Anyone ever attempt to build a cargo lift / elevator for a beach house ?


----------



## MEGABITE (May 21, 2004)

The ones this guy builds are awesome!

http://2coolfishing.com/ttmbforum/showthread.php?t=271662&highlight=beach+house+lift


----------



## speckle-catcher (May 20, 2004)

one of my neighbors did.

I've seen pics of it - but not sure exactly how...he built the basket out of PVC pipe.


----------



## smooth move (Dec 10, 2007)

*hoist*

seen several built using electric chainfalls. a electrician can wire in stop switches and dual controls.


----------



## Hooked (Oct 15, 2004)

Not a beach house but a friend built an elevator/lift at their lake cabin using the lifting mechanism from a fork lift including the hydraulics. It's been working great for about 15 years.


----------



## trout250 (Aug 24, 2005)

we have one, the mechanism is basically the same as a boat lift, piece of galvanized c chanel for guide on each side , lift basket is welded up c chanel treated wood frame bolted to it.
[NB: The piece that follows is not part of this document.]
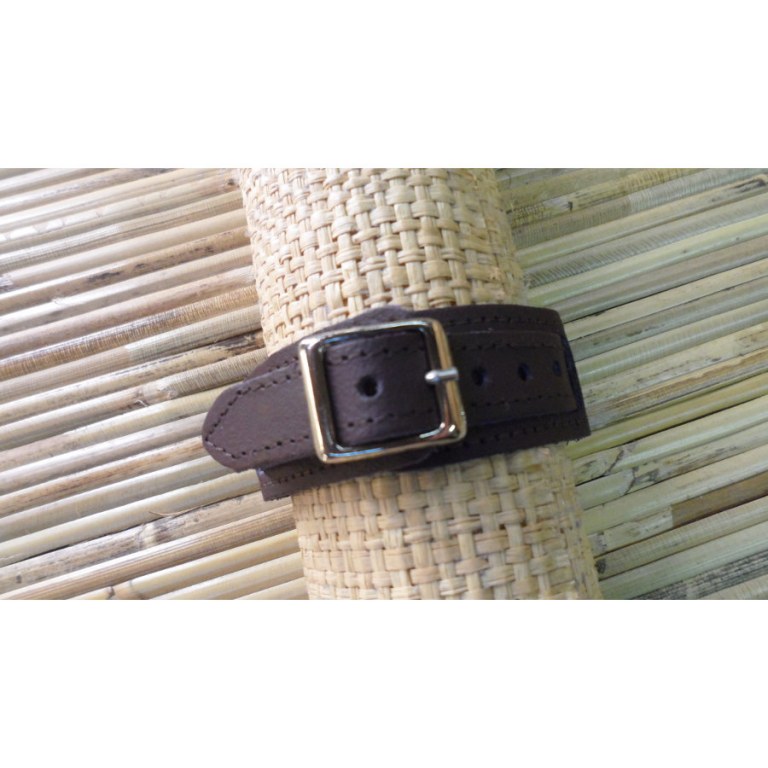 Bracelet marron mini ceinture boucle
Has call buttons and auto stop at top. bout 8 yrs old. outside structure is framed up and covered with the plastic lattice work , small gabled roof, can haul as large as 3ft by 3ft in it


----------



## Andy Brook (Dec 20, 2021)

Cargo lift, generally there are two post cargo lift and four post cargo lift.


----------



## RB II (Feb 26, 2009)

I installed a 4'x8' cargo hoist type basket in my garage. Operates much like a boat lift. I don't have the name/brand at hand, but it works great. Decked a good space above my garage and built shelving up there. The lift is awesome for 150 qt coolers, XL totes full of decorations, tool boxes. Mine is rated for 400 lbs of lifting capacity, so I can put all kinds of stuff up there.


----------